▶ [What the exercise asks] Set down exactly the lines in the records below that run from the line with "Reloj Rolex OP" to the line with "Lot 2934 - A", inclusive, and nothing more.

▶ [Information supplied]
------------
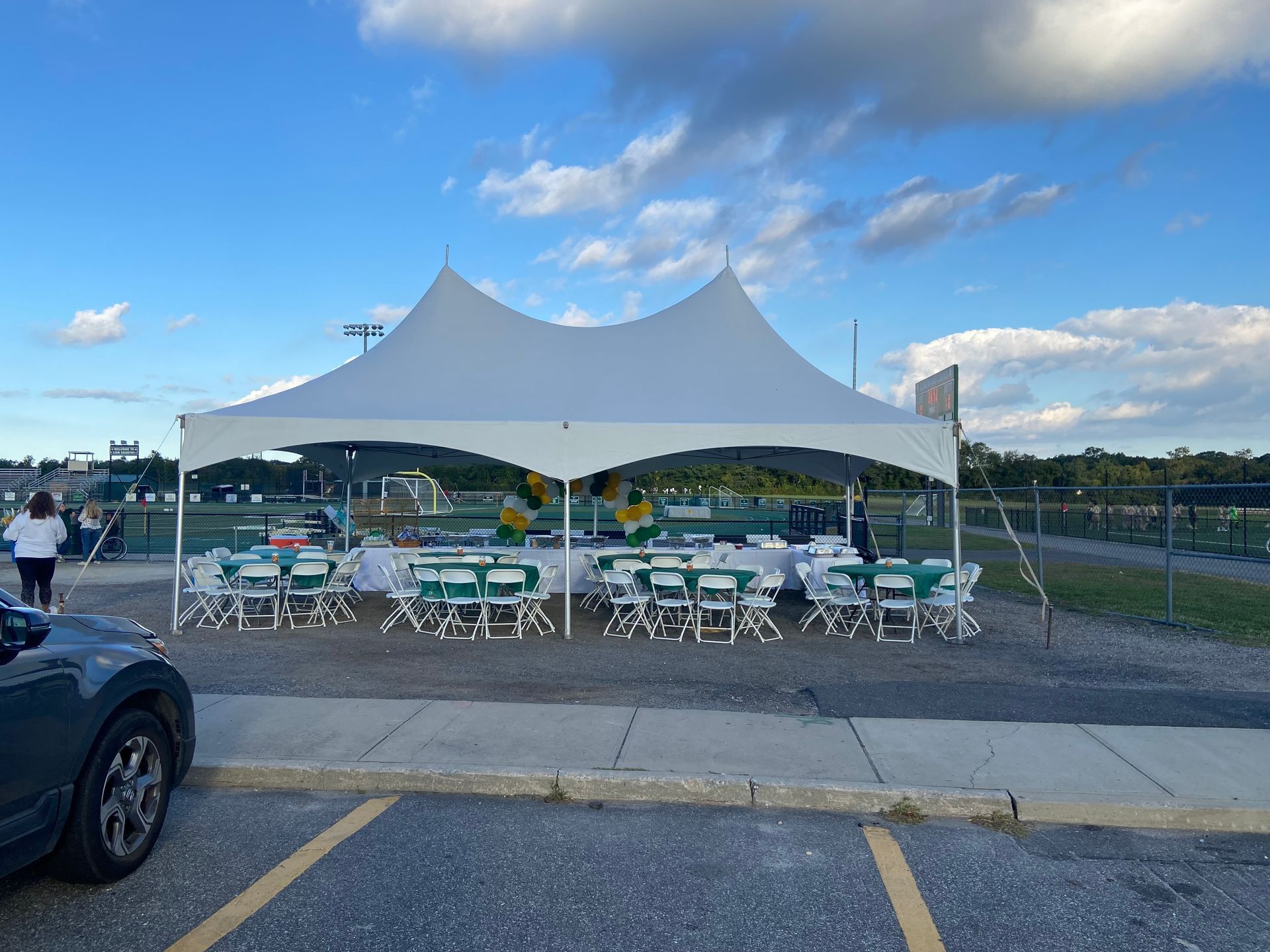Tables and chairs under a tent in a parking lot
------------
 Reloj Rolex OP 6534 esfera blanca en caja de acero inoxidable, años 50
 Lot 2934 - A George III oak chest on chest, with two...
------------
▶ [Reply to the task]
 Reloj Rolex OP 6534 esfera blanca en caja de acero inoxidable, años 50
 Lot 2934 - A George III oak chest on chest, with two...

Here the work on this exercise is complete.